Something in us loves the big family sagas. They capture the imagination and whet a reader’s (or a viewer’s) appetite. Perhaps because of the juiciness of soap opera but with a layer of class that we can disguise the real reason by the veneer of “art appreciation”. No, no, I’m not watching soap; I’m watching Dame Maggie Smith. It’s culture. It’s on PBS. They have accents. No, no, this is not a romance book. Do you see one of those semi naked couples standing in the wind on the cover? It’s literature.
It helps, and usually it’s a given, that the family in question is rich or becomes rich (or battles to stay rich) over the course of the story. There can be another family in opposition or alongside the center family, but money matters. Who wants to read about three generations of outhouse makers?
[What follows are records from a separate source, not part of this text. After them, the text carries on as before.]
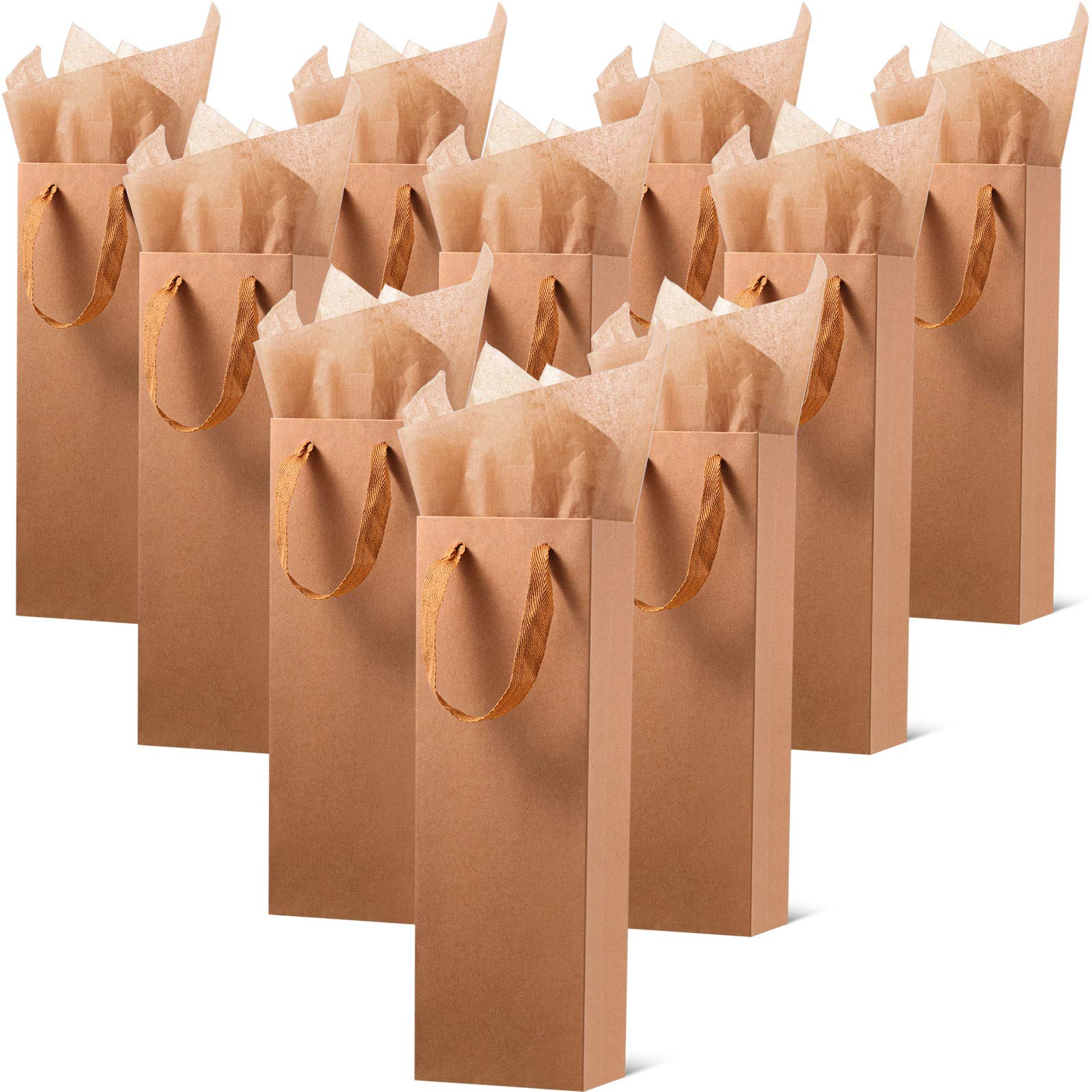 Zonon 24 Pack Kraft Paper Wine Gift Bag Wine Bottle Paper Gift Bag Holder with Handles Retail Bulk for Wedding Party, 4 x 3.5 x 14 Inch(Brown)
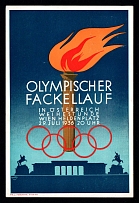 1936 'Olympic torch relay in Austria', Propaganda Postcard, Third Reich Nazi Germany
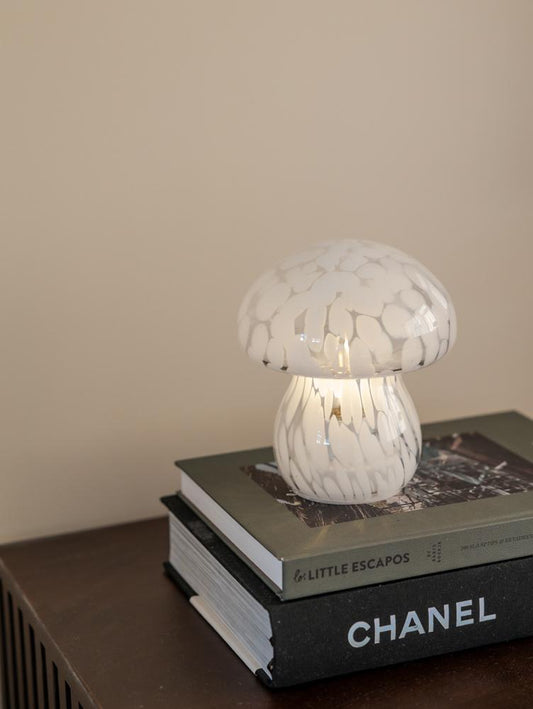 Glazen paddenstoel LED-lamp I Wit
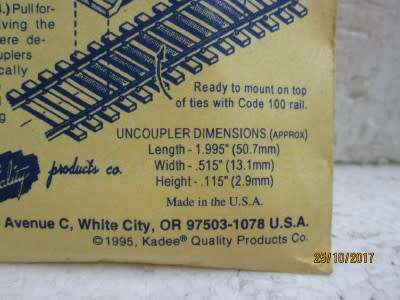 HO SCALE- KADEE MAGNE-MATIC UNCOUPLER (Reduced to clear) - LOT 823P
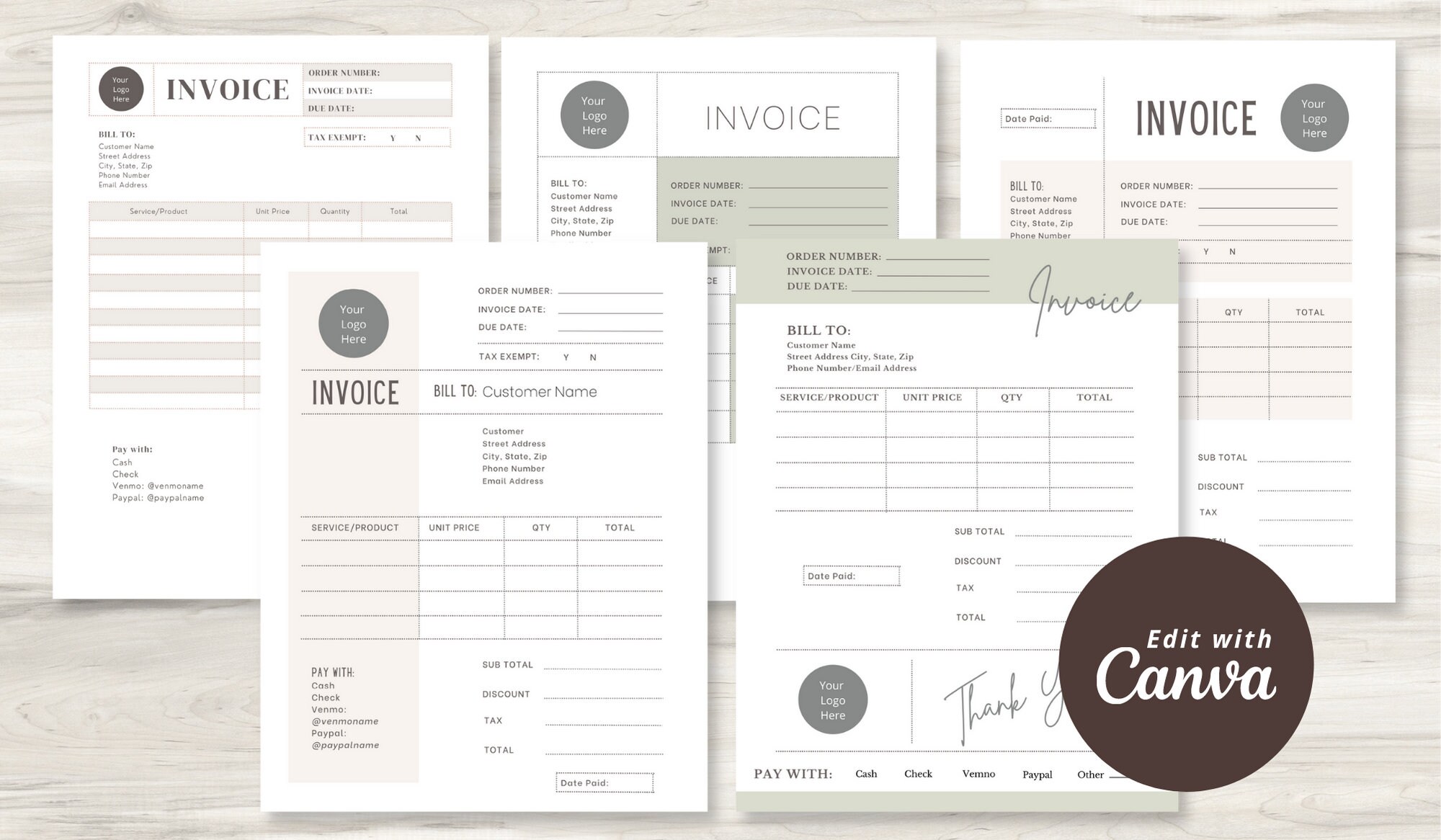 Custom Invoice Template for Canva, Small Business Template, Editable ...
The title family of this book, the Rocheforts are not cheese makers. They are capitalists, except when they’re not. The family starts by producing demine and like all families in these types of stories there is a deep, dark secret that involves illicit going ons. Of course, there is a mirror family, who has less money but more character (and quite frankly, is more interesting because the girls in that family actually do something besides look pretty). The novel chronicles how the families become connected, disconnected, and interact.
It isn’t the Hatfield’s and McCoy’s.
It’s a strange book because it is largely telling and not showing; additionally, any reader who pays attention knows the deep dark secret before the action gets going and keeps waiting for the knuckleheads in the book to figure it out (because honestly, it feels like it is surrounded by neon lights so why can’t the characters see it). Yet, for all that, there is something compelling about the book. Perhaps it is seeing how the lives of the minor characters, such as Louise who eventually becomes more than the sinned against wife, end up. Perhaps it is because of the emphasis on history, which at times comes across far livelier than the family. Whatever it is, this unknown factor keeps the reader going to the end, past a ten year old who doesn’t act like a ten year old and two brothers are closer in cruelty than they think, or even some words and phrases that seem out place for the time period (this could be a translation issue). In many ways, it seems like the book is trying to be a French or Industrial version of Downton Abbey; it would make a nice mini-series.
In short, while not the best family saga out there, it is a pleasant enough way to spend a few hours.
This was a great story of family and legacy. I enjoyed the setting in France, along with details of the Rochefort business--manufacturing denim and silk. The end seemed rushed, though. I wish the events from the last few chapters had started to unfold earlier in the book.